Psicologia dei videogiochi

psicoA chi non usa i videogiochi può sembrare strano che un videogiocatore vi passi davanti un’enorme quantità del proprio tempo. Le storie sono normalmente abbastanza dozzinali e la ventilata interattività non è spesso molto diversa da quella che si ha nella cabina di un’ottovolante. Anche i giochi sportivi sovente non hanno che una minima parte dell’appeal agonistico delle controparti reali. Se poi guardiamo un videogiocatore su una console portatile, è ovviamente chiaro l’utilizzo come passatempo, molto meno come possa diventare un’attività assorbente a fronte del mondo esterno che occupa più del 95% della sfera di reale da cui siamo circondati.
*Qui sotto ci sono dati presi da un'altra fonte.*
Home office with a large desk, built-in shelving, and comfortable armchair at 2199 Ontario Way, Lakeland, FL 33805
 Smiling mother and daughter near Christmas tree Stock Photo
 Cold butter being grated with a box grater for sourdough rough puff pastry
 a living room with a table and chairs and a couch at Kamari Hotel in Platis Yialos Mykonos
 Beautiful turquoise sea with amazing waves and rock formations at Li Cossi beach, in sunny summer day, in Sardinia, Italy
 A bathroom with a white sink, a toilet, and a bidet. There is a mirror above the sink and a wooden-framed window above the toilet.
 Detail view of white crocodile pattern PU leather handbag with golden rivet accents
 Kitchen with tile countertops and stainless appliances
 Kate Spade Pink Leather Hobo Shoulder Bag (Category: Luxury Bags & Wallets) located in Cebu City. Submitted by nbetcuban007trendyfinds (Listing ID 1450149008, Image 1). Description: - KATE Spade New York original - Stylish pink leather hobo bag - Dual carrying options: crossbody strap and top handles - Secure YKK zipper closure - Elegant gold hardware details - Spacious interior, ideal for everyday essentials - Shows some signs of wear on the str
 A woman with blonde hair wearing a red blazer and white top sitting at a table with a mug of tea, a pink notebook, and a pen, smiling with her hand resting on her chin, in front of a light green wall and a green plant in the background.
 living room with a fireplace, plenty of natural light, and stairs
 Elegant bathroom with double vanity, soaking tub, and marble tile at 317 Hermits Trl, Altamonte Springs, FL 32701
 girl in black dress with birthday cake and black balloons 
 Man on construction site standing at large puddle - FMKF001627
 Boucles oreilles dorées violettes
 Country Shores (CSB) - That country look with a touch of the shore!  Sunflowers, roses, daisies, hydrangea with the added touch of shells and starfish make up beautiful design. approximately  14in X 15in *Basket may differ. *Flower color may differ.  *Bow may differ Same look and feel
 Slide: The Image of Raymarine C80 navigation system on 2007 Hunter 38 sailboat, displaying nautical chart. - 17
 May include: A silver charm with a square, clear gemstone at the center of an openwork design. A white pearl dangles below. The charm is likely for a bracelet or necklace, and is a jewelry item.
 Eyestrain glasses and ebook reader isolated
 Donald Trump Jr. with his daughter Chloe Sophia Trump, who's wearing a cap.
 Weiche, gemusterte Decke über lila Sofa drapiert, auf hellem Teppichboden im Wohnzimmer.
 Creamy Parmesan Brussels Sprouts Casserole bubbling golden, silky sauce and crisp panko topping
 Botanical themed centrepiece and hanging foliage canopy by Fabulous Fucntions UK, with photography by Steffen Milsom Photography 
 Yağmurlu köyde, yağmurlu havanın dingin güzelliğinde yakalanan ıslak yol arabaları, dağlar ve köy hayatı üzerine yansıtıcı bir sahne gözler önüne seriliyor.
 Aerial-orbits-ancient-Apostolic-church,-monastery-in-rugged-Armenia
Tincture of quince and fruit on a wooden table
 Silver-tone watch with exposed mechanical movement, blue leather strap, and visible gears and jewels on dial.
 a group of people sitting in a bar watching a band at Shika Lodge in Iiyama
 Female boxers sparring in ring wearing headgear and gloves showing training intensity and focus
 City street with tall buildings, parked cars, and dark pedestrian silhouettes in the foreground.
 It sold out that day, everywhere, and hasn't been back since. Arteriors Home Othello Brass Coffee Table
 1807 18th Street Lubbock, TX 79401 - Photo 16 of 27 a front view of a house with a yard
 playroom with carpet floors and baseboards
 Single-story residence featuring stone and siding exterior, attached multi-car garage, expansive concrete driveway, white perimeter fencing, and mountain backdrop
I media normalmente attribuiscono tale sorta di magia ad un potere melefico del videogioco e naturalmente alla violenza in esso contenuta, che traviano le menti dei giocatori, tanto più se di giovane età. Per questo sono i benvenuti libri come Psicologia dei videogiochi. Come i mondi virtuali influenzano mente e comportamento di Stefano Triberti e Luca Argenton (Apogeo, € 15) dove i due autori si pongono un triplice compito: spiegare i videogiochi agli psicologi, spiegare la psicologia ai videogiocatori e, più difficile ma sicuramente più importante compito, spiegare come funzionino a livello psicologico i videogiochi a coloro che poco sanno d’entrambi, ma per interesse/lavoro/vita hanno a che fare con i videogiocatori e con i videogiochi: genitori, insegnanti, giornalisti, ecc.

Triberti ed Argenton lo fanno nel volume in maniera chiara e relativamente semplice, senza nascondere i problemi ed i pericoli connessi al mondo videoludico, ma sfatando vulgate fin troppo sbandierate e offrendo al lettore sia box con pareri di esperti esterni, sia un duplice percorso d’approfondimento: bibliografico e videoludico.

Uno dei concetti messi in particolare risalto è quello di flow: scoperto dallo psicologo di origini ungheresi Mihaly Csikszentmihalyi con delle ricerche compiute sull’attività artistica. Proprio come il videogiocatore, l’artista sembra rapito nella creazione della propria opera, indifferente ai disturbi esterni finché la sua attività mette in gioco in maniera profonda le sue competenze per realizzare qualcosa che sia al limite delle sue possibilità. I videogiochi hanno esattamente questo obiettivo: mantenere sempre il giocatore al limite delle sue capacità, contemporaneamente richiedendogli continuamente di affinarle e migliorarle. Per questo è così facile – rispetto ad altre attività meno elastiche e meno focalizzate sull’utente anche quando dovrebbero intrinsecamente esserlo come l’educazione – che l’utilizzatore di un videogioco entri in questa sorta di tunnel in cui non si accorge più né della realtà esterna (per quanto preponderante sia rispetto a quella offertagli dallo schermo attraverso cui esperisce il videogioco stesso) né dell’artificiosità dei controlli (tastiera, mouse, pad, tasti, ecc.), ma nemmeno di incongruenze di plot o di gameplay. Questo effetto non è esclusivamente individuale ma può interessare anche un gruppo: sia quando in effetti più persone collaborano per raggiungere un obiettivo in un gioco multiplayer, sia quando un giocatore gestisce contemporaneamente più personaggi ad esempio nei giochi fantasy che prevedano il controllo di un “party” ovvero di un gruppo “omogeneo” di avatar ognuno dotato di abilità complementari a quelle degli altri.

Ma questo effetto, per quanto straordinario, è anche quello che porta i rischi collegati ai videogiochi. Ad esempio il pericolo di favorire l’obesità collegato ai lunghi periodi di sedentarietà o quello, legato ai Massive Multiplayer Online Role Play Game (i giochi di ruolo multiplayer di massa, come ad esempio World of Warcraft), di sostituire con la realtà virtuale in cui si può creare un avatar forte e di successo una realtà quotidiana fatta di angherie e depressione. I due autori sottolineano però che tutte le ricerche compiute fino ad oggi, se mostrano correlazioni dell’attività videoludica con disagi quali quelli sopra riportati (in compresenza di altri fattori quali disagio, problemi familiari, ecc.), ad oggi non v’è alcuna ricerca scientifica che possa dimostrare che i videogiochi possano causare direttamente un qualche tipo di disagio o problema psicologico. Al contrario gli autori portano esempi di utilizzo educativo dei videogiochi, tra l’altro riportando una breve intervista fatta a James Paul Gee, autore di uno degli studi fondamentali sull’argomento: What video games can teach us about learning and literacy (Palgrave Macmillan, 2003).